Azerbaijan, citing Kosovo precedent, says it is ready to use force to take back Nagorno-Karabakh

Azeri President Ilham Aliyev vowed to be ready to take back by force the breakaway Nagorno-Karabakh, which he says, was emboldened by the Western recognition of Kosovo’s unilateral secession.

(KosovoCompromise Staff) Thursday, March 06, 2008

Fearing the Kosovo domino effect, Azerbaijan's parliament voted to withdraw a 33-strong Azeri peacekeeping team that has been serving there under NATO command since 1999.

Azerbaijan strongly disapproves Kosovo's unilateral secession.

"You see how norms of international law are violated in the world," Aliyev was quoted as saying.

"And this has a negative impact on the settlement of the (Nagorno-Karabakh) conflict. The force factor remains decisive, and we will achieve this (Nagorno-Karabakh's reintegration)."
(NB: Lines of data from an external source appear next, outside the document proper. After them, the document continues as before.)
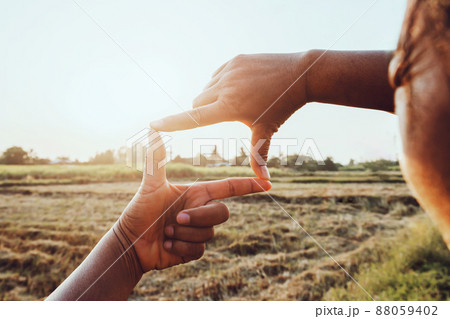 close up woman make hand framing gesture distant view. business concept close up woman make hand framing gesture distant view. business concept 88059402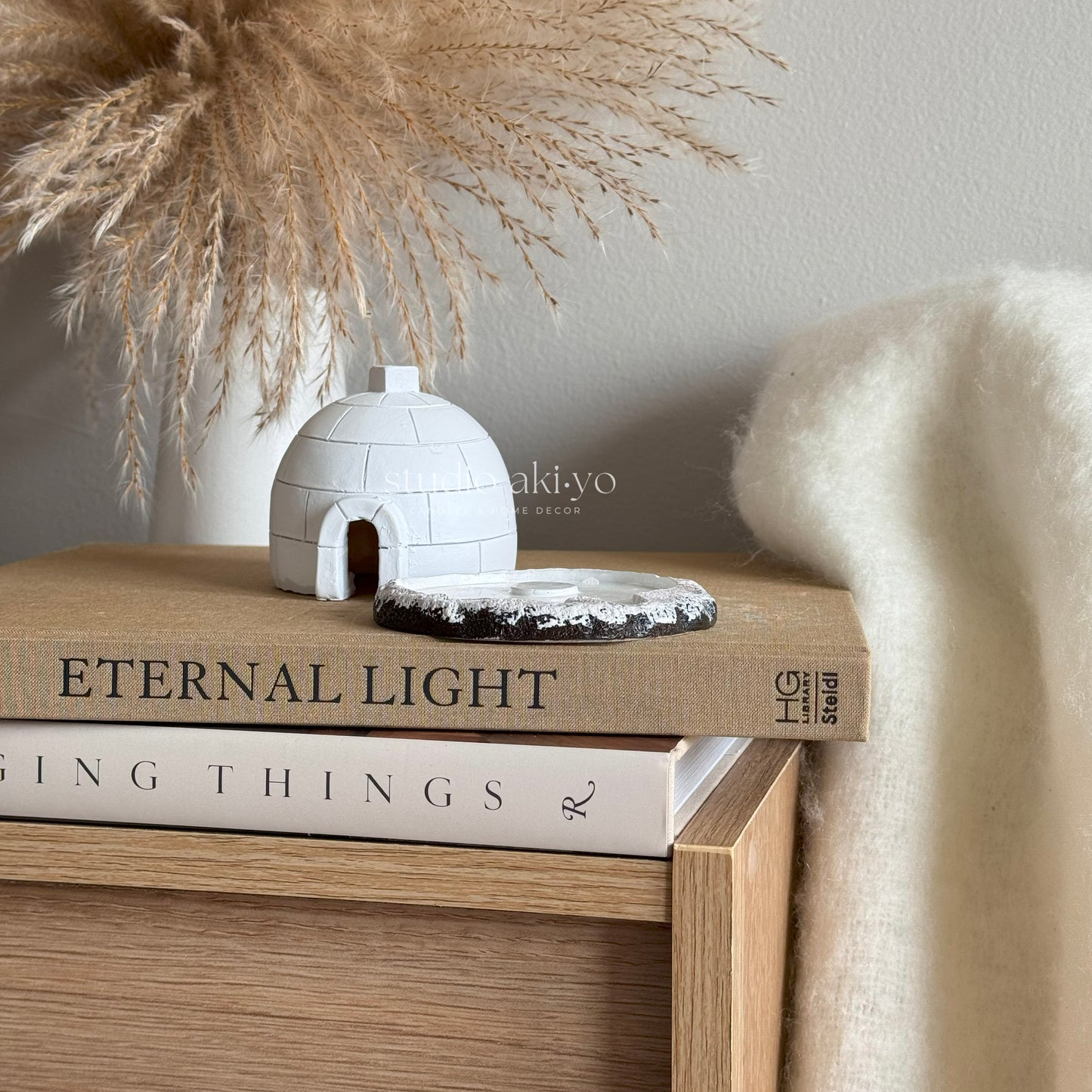 Igloo Incense Cone Holder on books with decorative elements in the background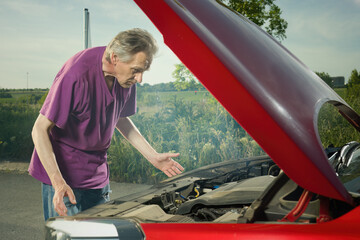 Pensioner checking state of his car with smoking engine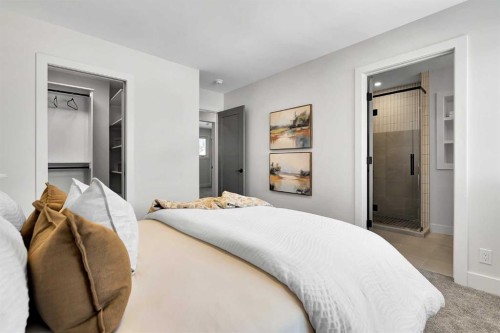 928 Lake Twintree Crescent Se, Calgary, AB - Indoor Photo Showing Bedroom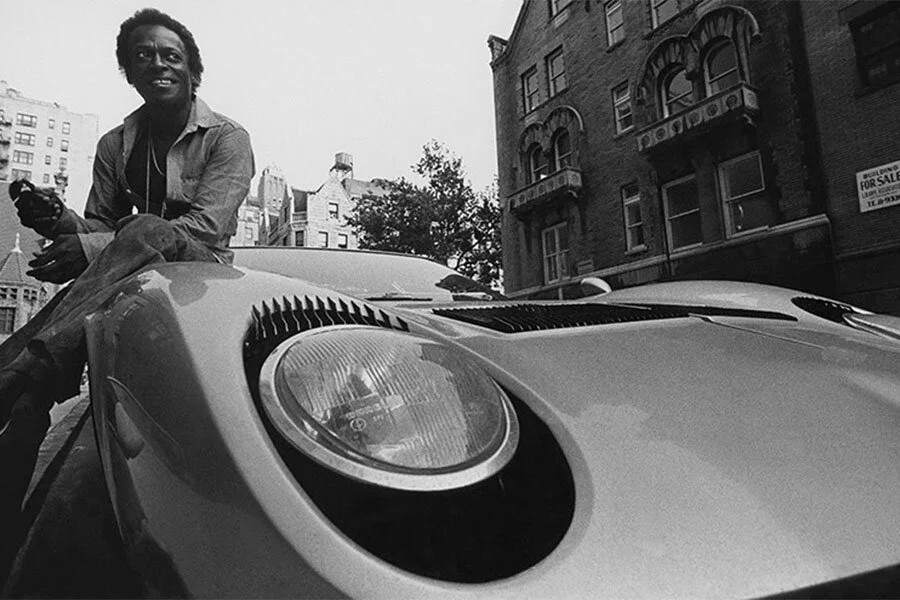 Miles Davis on a Lamborghini Miura.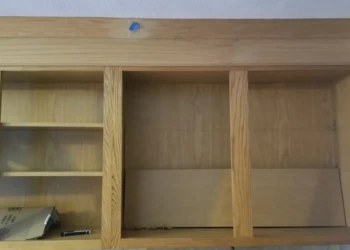 Empty oak wood kitchen wall cabinets without doors or finish in a home in Billerica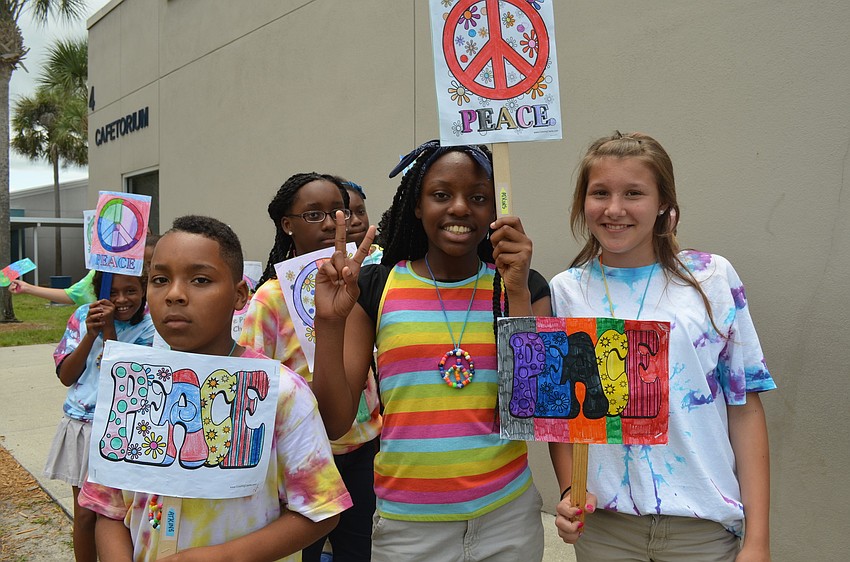 Glenntreal Collier, Chanel Mills and Heiden Riegel flash peace signs.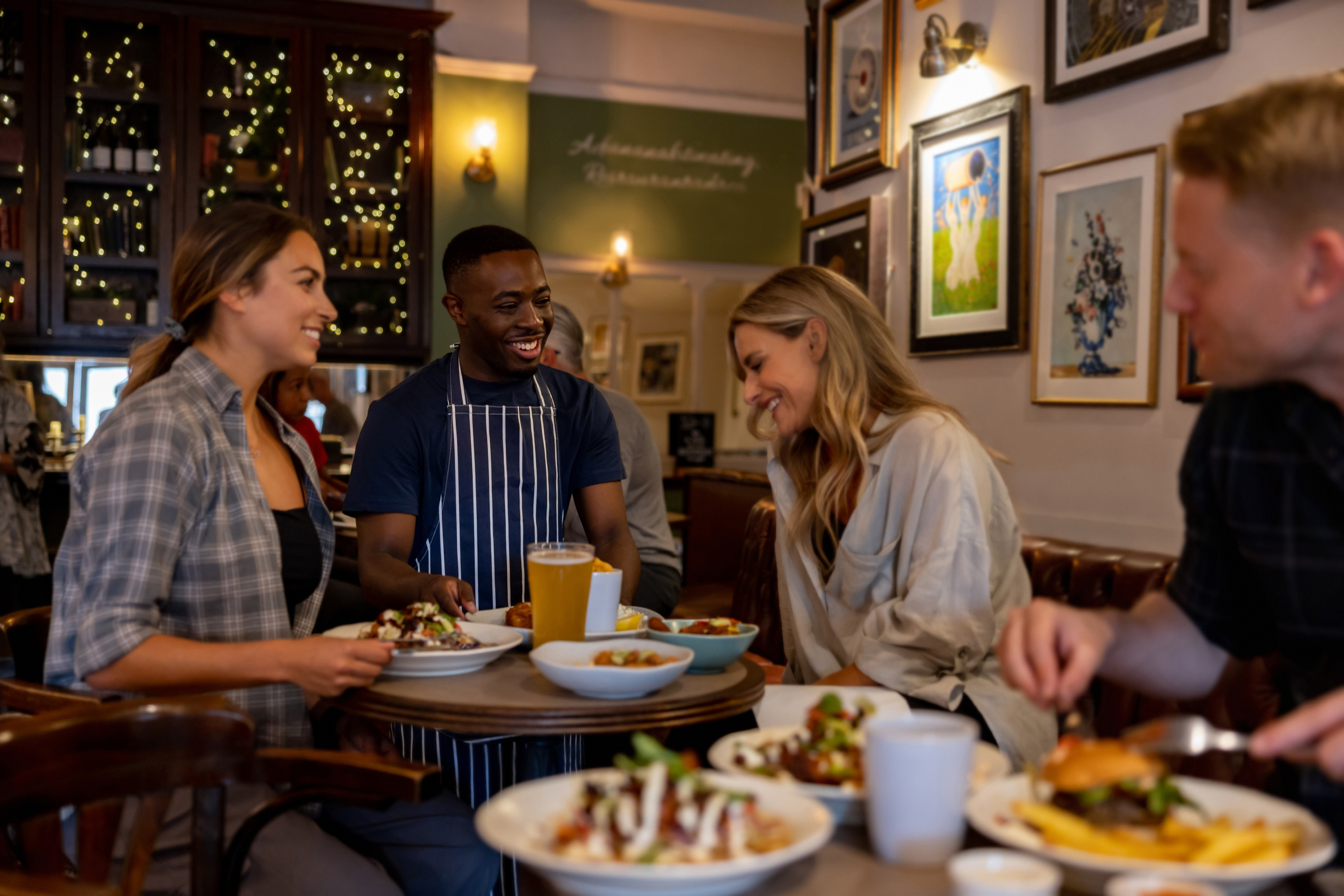 Waiter serving food to a group of friends at the pub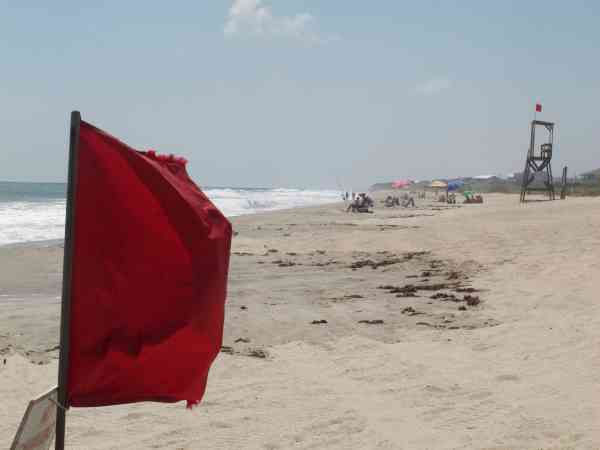 Red flags warn swimmers from the water at Kure...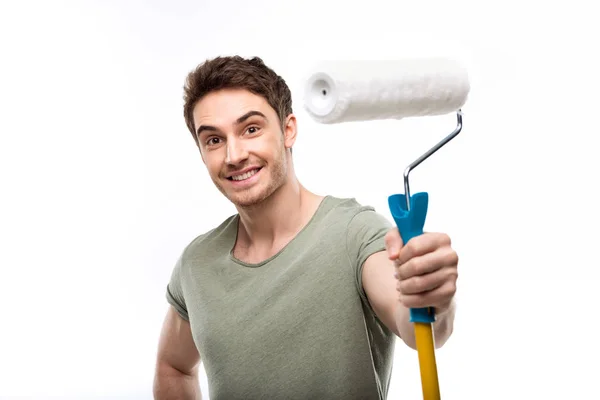 Man holding paint roller — Stock Photo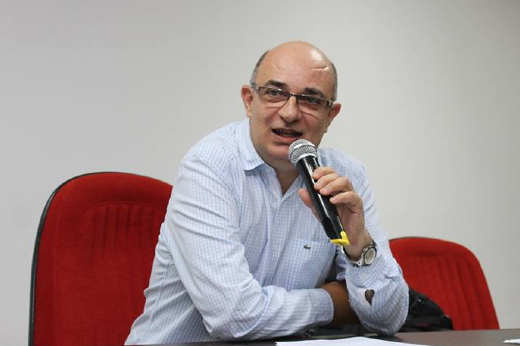 O lançamento de "A pele da história" em Fortaleza será o primeiro no País. Na sequência, Durval Muniz deve passar por outras capitais (Foto: divulgação) Imagem: um homem careca, de ósulos de armação preta e grossa e camisa social quadriculada na cor azul clara fala ao microfone sentado em uma cadeira de escritório com estofado vermelho, atrás de uma mesa. É o professor Durval Muniz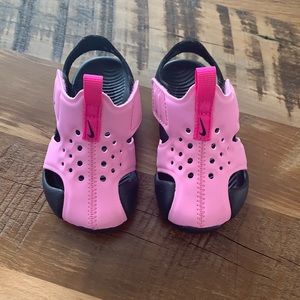 Pink and Black Nike Sandals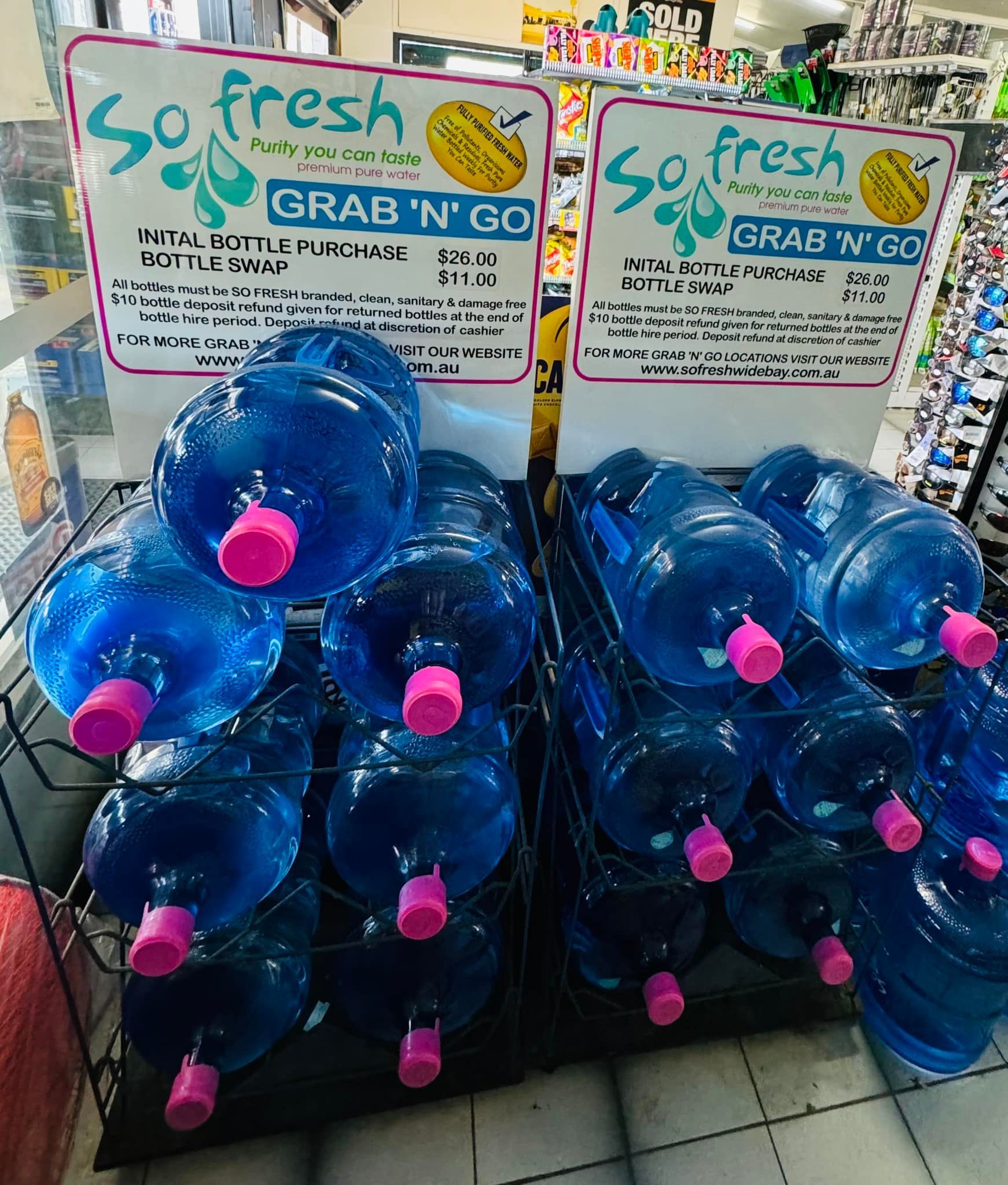 Stacked Blue Water Jugs at a Store Display With “so Fresh Grab N Go” Signs — So Fresh Wide Bay in Innes Park, QLD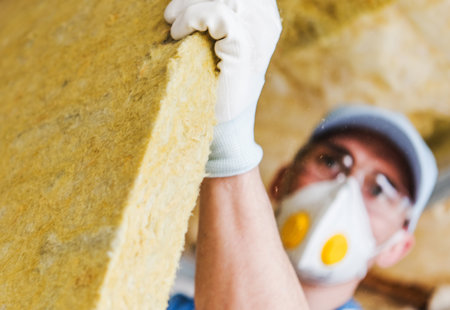 Photo of a man in a roof space wearing a protective mask holding a large sheet of insulation material towards the camera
"We have been buying military machinery, airplanes and ammunition to be ready to liberate the occupied territories, and we are ready to do this," Aliyev said.

He added the Nagorno-Karabakh conflict with neighbouring Armenia could be resolved only on the principle of Azerbaijan's territorial integrity.

Former Soviet Azerbaijan has been trying to restore control over Nagorno-Karabakh, where ethnic Armenian separatists threw off Azeri rule in the 1990s in a war that killed about 35,000 people.

Sixteen people were killed in clashes there this week.

In Washington, the US State Department expressed its concern but repeated the "Kosovo is unique" mantra.

"We're concerned by the outbreak of fighting. We want to see that incident not be repeated," U.S. State Department spokesman Tom Casey told reporters.

"Kosovo is not a precedent and should not be seen as a precedent for any other place out there in the world. It certainly isn't a precedent for Nagorno-Karabakh," he said.